What few people knew at the time was that Raimondo's "tool kit" wasn't just meant for local consumption. The dynamic young Rhodes scholar was allowing her state to be used as a test case for the rest of the country, at the behest of powerful out-of-state financiers with dreams of pushing pension reform down the throats of taxpayers and public workers from coast to coast. One of her key supporters was billionaire former Enron executive John Arnold – a dickishly ubiquitous young right-wing kingmaker with clear designs on becoming the next generation's Koch brothers, and who for years had been funding a nationwide campaign to slash benefits for public workers.

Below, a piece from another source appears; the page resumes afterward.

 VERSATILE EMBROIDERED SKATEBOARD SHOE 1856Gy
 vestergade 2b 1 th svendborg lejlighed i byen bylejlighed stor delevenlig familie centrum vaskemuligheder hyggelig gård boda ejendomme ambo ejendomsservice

Nor did anyone know that part of Raimondo's strategy for saving money involved handing more than $1 billion – 14 percent of the state fund – to hedge funds, including a trio of well-known New York-based funds: Dan Loeb's Third Point Capital was given $66 million, Ken Garschina's Mason Capital got $64 million and $70 million went to Paul Singer's Elliott Management. The funds now stood collectively to be paid tens of millions in fees every single year by the already overburdened taxpayers of her ostensibly flat-broke state. Felicitously, Loeb, Garschina and Singer serve on the board of the Manhattan Institute, a prominent conservative think tank with a history of supporting benefit-slashing reforms. The institute named Raimondo its 2011 "Urban Innovator" of the year.
The state's workers, in other words, were being forced to subsidize their own political disenfranchisement, coughing up at least $200 million to members of a group that had supported anti-labor laws. Later, when Edward Siedle, a former SEC lawyer, asked Raimondo in a column for Forbes.com how much the state was paying in fees to these hedge funds, she first claimed she didn't know. Raimondo later told the Providence Journal she was contractually obliged to defer to hedge funds on the release of "proprietary" information, which immediately prompted a letter in protest from a series of freaked-out interest groups. Under pressure, the state later released some fee information, but the information was originally kept hidden, even from the workers themselves. "When I asked, I was basically hammered," says Marcia Reback, a former sixth-grade schoolteacher and retired Providence Teachers Union president who serves as the lone union rep on Rhode Island's nine-member State Investment Commission. "I couldn't get any information about the actual costs."
This is the third act in an improbable triple-******* of ordinary people that Wall Street is seeking to pull off as a shocker epilogue to the crisis era. Five years ago this fall, an epidemic of fraud and thievery in the financial-services industry triggered the collapse of our economy. The resultant loss of tax revenue plunged states everywhere into spiraling fiscal crises, and local governments suffered huge losses in their retirement portfolios – remember, these public pension funds were some of the most frequently targeted suckers upon whom Wall Street dumped its fraud-riddled mortgage-backed securities in the pre-crash years.
Today, the same Wall Street crowd that caused the crash is not merely rolling in money again but aggressively counterattacking on the public-relations front. The battle increasingly centers around public funds like state and municipal pensions. This war isn't just about money. Crucially, in ways invisible to most Americans, it's also about blame. In state after state, politicians are following the Rhode Island playbook, using scare tactics and lavishly funded PR campaigns to cast teachers, firefighters and cops – not bankers – as the budget-devouring boogeymen responsible for the mounting fiscal problems of America's states and cities.